The letters are F, R, E and another E.
It's nice that you can spell and all, but bitbucket is also free and we don't see this type of issue there. Or github, or gmail, or google analytics, or...well, you get the point I hope. Free is not a synonym for unreliable, so if a company wants me to sign up to their product and doesn't tell me it's unstable, I'm not going to be terribly impressed if it fails. A clear notice on the homepage would sort this out. Heck, they can even link over to the enterprise edition for anyone who doesn't want to take the risk.
please search for "github outage" on hn search engine for example... or "bitbucket outage"... pay is not synonym for reliable either...
Why should they?
Does the enterprise product move slower?
If you mean release-wise it's in step with CE. I host an ee server. I've had very few issues with the actual hosting of it over the last year. Their Omnibus system is fantastic. Most issues are UX/UI related when they break a button or what not.
Gitlab is praised for being transparent in everything they do, so where is the backup infrastructure policy that they should now have in place? I'd like to see that situation proven resolved before we discuss rewriting their front end with Vue.js and any other new deployments.
It's still being written: https://gitlab.com/gitlab-com/www-gitlab-com/merge_requests/..., in the mean time quite a bit of work is underway, see the issues mentioned in https://gitlab.com/gitlab-com/www-gitlab-com/issues/1108 for more info.
Should be all good again.

Updates:

Our Redis cluster is currently experiencing a split brain, we are looking into the problem

Split brain is fixed for Redis cluster we are currently investigating the cause

We're performing a hard restart of our Unicorns, this may lead to an increase in HTTP 500 errors

Deployment finished and (link: http://GitLab.com) GitLab.com is available again. Apologies for the bumpy ride.

Unsuccessful deployment i guess.

We will be deploying 8.17.0 EE RC1 to http://GitLab.com shortly, no downtime is expected

> Our Redis cluster is currently experiencing a split brain, we are looking into the problem
After the backup catastrophe postmortem, have they published anything about what they're doing differently now?

i.e. here's how we're handling Postgres WAL archiving and logical backups, Redis RDB/AOF backups, etc?

Not yet.
I understand gitlab to be a test bed. But at least this time they didn't delete the wrong directory. I know, I'm late to the party since service has restored.
status.gitlab.com is also not loading.
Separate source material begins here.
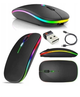 Беспроводная бесшумная аккумуляторная мышка с RGB подсветкой 1600DP Bluetooth 5.2 + 2.4 GHz тихая для ноутбуков пк планшетов плоская Slim - изображение 10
Gitlab pages hasn't been working properly for me(redirects to a 404)[1]

[1]: https://gitlab.com/gitlab-org/gitlab-pages/issues/43

running your status page from the same infrastructure is a really bad idea
Doesn't look like they are, to me. Their main domain's IP address is owned by Microsoft (so, using Azure?), but the status page IP is in a block owned by Digital Ocean.
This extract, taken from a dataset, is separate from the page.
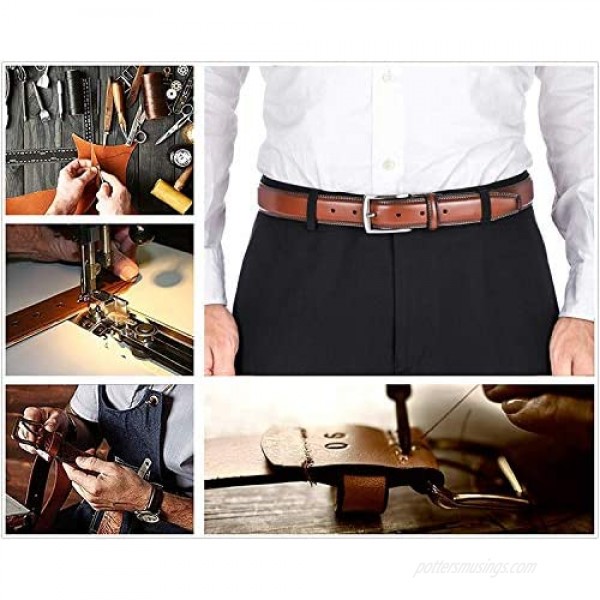 Men's Genuine Leather Dress Belts Made with Premium Quality - Classic and Fashion Design for Work Business and Casual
Edit: I could have sworn I refreshed the page before replying to make sure someone else hadn't already responded, and I didn't see your comment jschulenklopper. Scary how similar they are lol.

It is, in general. But I've seen no indication that such is the case for Gitlab.

Au contraire, status.gitlab.com seems to be located in NYC (in a Digital Ocean DC), and www.gitlab.com somewhere in Virginia (at Microsoft Azure?).

Hey, where is the live video of this incident? :sarcasm:
Me too. Came here to find this, wasn't disappointed.
Welp. There goes gitlab. It was nice while it lasted.